建美家・楽待などの調査によると、1棟投資用不動産の価格が下がり始めています。価格下落の要因としては、銀行融資の厳格化が大きいようです。
この記事では、2019年夏の不動産投資事情を市況、融資情報、今後の投資用不動産市場の動向の面から説明します。
目次
投資用不動産価格
広告掲載のために登録された全国の収益物件 3種別の販売価格・利回りを集計している建美家・楽待によると、1棟物件では、価格低下・利回り上昇が、区分マンションでは、価格上昇・利回り低下が起きています。

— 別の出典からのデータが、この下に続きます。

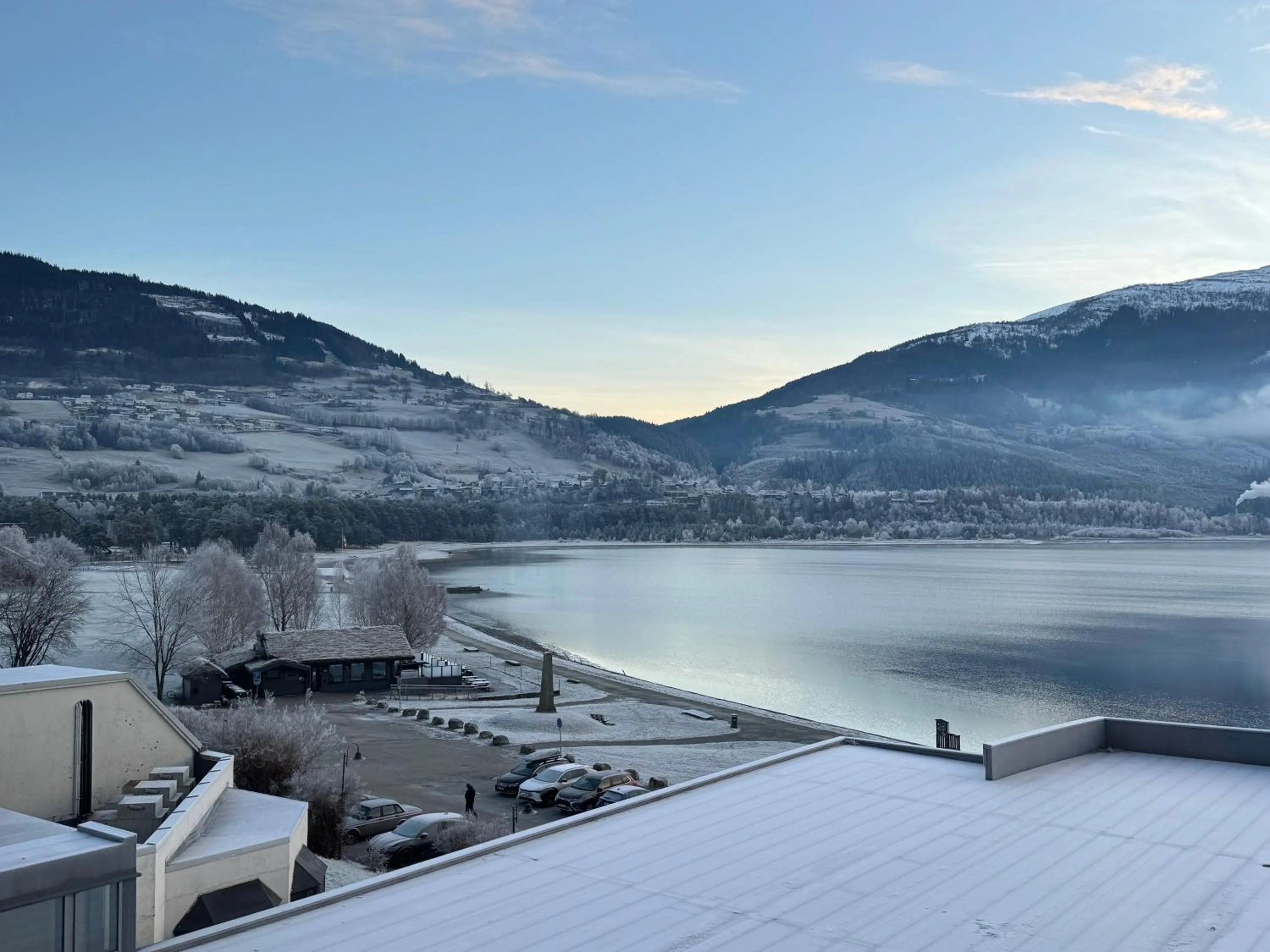 Lake view in Park Hotel Vossevangen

国交省が毎月公表している不動産価格指数(取引価格)では、3大都市圏で指数の低下(前年同月比)が起きています。
https://www.mlit.go.jp/common/001301173.pdf
※2010 年平均=100
マンション・アパート(一棟)
2019 1Q
全国134.47(-1.1%)
三大都市圏 132.4(-1.6%)
三大都市圏以外142.3(+0.4%)
区分マンションは1棟物件よりも金額が安く、融資が組みやすい、購入ハードルが低いといった要因で取引が増えたことによって価格上昇・利回り低下が起きていると思われます。

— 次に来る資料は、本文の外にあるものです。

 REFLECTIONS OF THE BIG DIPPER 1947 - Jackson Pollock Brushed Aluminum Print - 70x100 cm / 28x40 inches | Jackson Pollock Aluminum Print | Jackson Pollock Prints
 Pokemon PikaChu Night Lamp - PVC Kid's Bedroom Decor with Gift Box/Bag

今まで、1棟物件を仲介していた投資用不動産業者が、融資の厳格化で1棟物件が売りにくくなり、区分マンション仲介に主軸を移したことも影響しているかもしれません。
不動産融資動向
各金融機関の融資は、とても厳しい状況が続いています。
融資を受ける人の属性審査、物件の担保評価、物件価格に対する融資割合、全ての面で厳しくなっているケースが多いようです。
この金融機関の融資姿勢が1棟物件の利回りの上昇、不動産価格の下落に影響していると思われます。
都市銀行、地方銀行の融資が厳しくなっている一方で、一部の地銀、ノンバンク、信金、信組では変わらず投資用不動産向けの融資を行っている金融機関もあり、今まで以上に金融機関の開拓が重要になっているようです。
今後の投資用不動産市場の動向は?
日銀が発表している銀行と信用金庫の「貸出先別貸出金」というデータによると、「個人による貸家業向け貸出残高」は、2016年3月期3.8%、2017年3月期4.0%と増加しました。
この頃に、金融庁がアパートローンの増加を注視しているという報道があり、2019年3月期の増加率は0.3%になり、ほとんど増えていない状態になっています。
不動産融資は比較的長期間の融資期間で組まれていることが多いため、残高の減りはスピードが遅い特徴があります。
残高の多さや、スルガ銀行の二の舞を恐れているのか分かりませんが、銀行の質屋さん状態は続いていて、しばらくは、金融機関の不動産賃貸業への新規融資が厳しい状況は変わりそうにありません。
需要と供給のバランスで、融資が受けやすい状態で物件価格が上昇するのと反対に、融資が引き締められると物件価格が下がります。
これは、最近の区分マンションの価格上昇と1棟物件の価格低下で裏付けていると思います。
他の人が融資を受けられず物件を買えない時は、融資を受けられる人が物件を安く買えるチャンスです。
融資が厳しいと言われている時こそ、金融機関の開拓をして良い条件で物件を取得することを目指してください。